O Boxing Day é a data mais aguardada do calendário no futebol inglês. Todas as principais divisões do país lotam o seu dia com partidas e levam multidões aos estádios. A tradição, porém, tinha outros contornos até a década de 1950. Afinal, o 26 de dezembro marcava apenas a segunda parte das festividades natalinas dentro de campo. Desde 1889, o 25 de dezembro também era recheado de jogos pelo Campeonato Inglês, inclusive durante as manhãs. O costume mandava que rivais se enfrentassem em jogos de ida e volta. O primeiro embate ocorria em pleno Natal, na casa de um deles. E, para igualar as condições de desgaste com viagem, os oponentes mediam forças novamente 24 horas depois, no estádio do outro clube envolvido, aí sim no Boxing Day. A intensidade da agenda, que hoje soa como completa insanidade, marcou uma era de arquibancadas abarrotadas e muitos gols no futebol local. Ingressos aos jogos serviam até como presente às crianças.

O primeiro Boxing Day futebolístico aconteceu em 1860. Não à toa, o jogo que inaugurou a tradição na modalidade também foi o primeiro disputado entre clubes, o Sheffield FC e o Hallam FC – em uma época na qual as regras sequer haviam sido unificadas, até então os duelos se limitavam a encontros de equipes estudantis.
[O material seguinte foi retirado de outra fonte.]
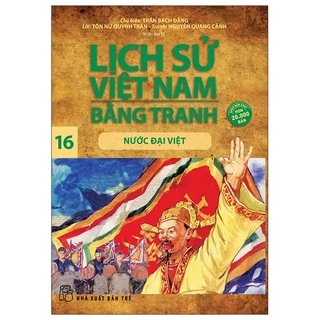 Sách Lịch Sử Việt Nam Bằng Tranh 16: Nước Đại Việt (Tái Bản)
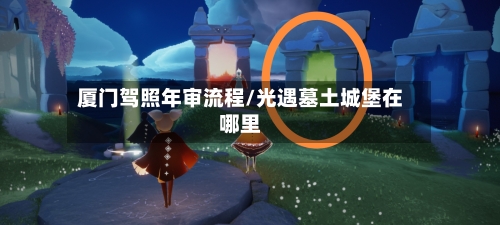 厦门驾照年审流程/光遇墓土城堡在哪里-第3张图片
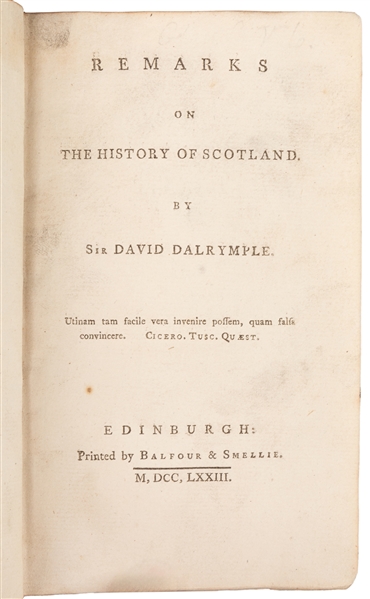  DALRYMPLE, Sir David (1726-1792). Remarks on The History of...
Já o costume de promover partidas no Natal seria um pouco posterior, firmado principalmente a partir de 1889/90. Naquele momento, o Campeonato Inglês vivia a sua segunda edição. Melhor time do país, o Preston North End encarava o Aston Villa, seu principal concorrente à taça. Embora os Lilywhites tivessem conquistado o título invicto da primeira edição da Football League, haviam perdido os dois confrontos anteriores ante os Villans. E diante da importância da peleja, mais de 9 mil espectadores foram ao estádio, um público bastante expressivo para a época. Assistiram à vitória do Preston por 3 a 2. O grande interesse dos torcedores logo tornou comum as rodadas no Natal.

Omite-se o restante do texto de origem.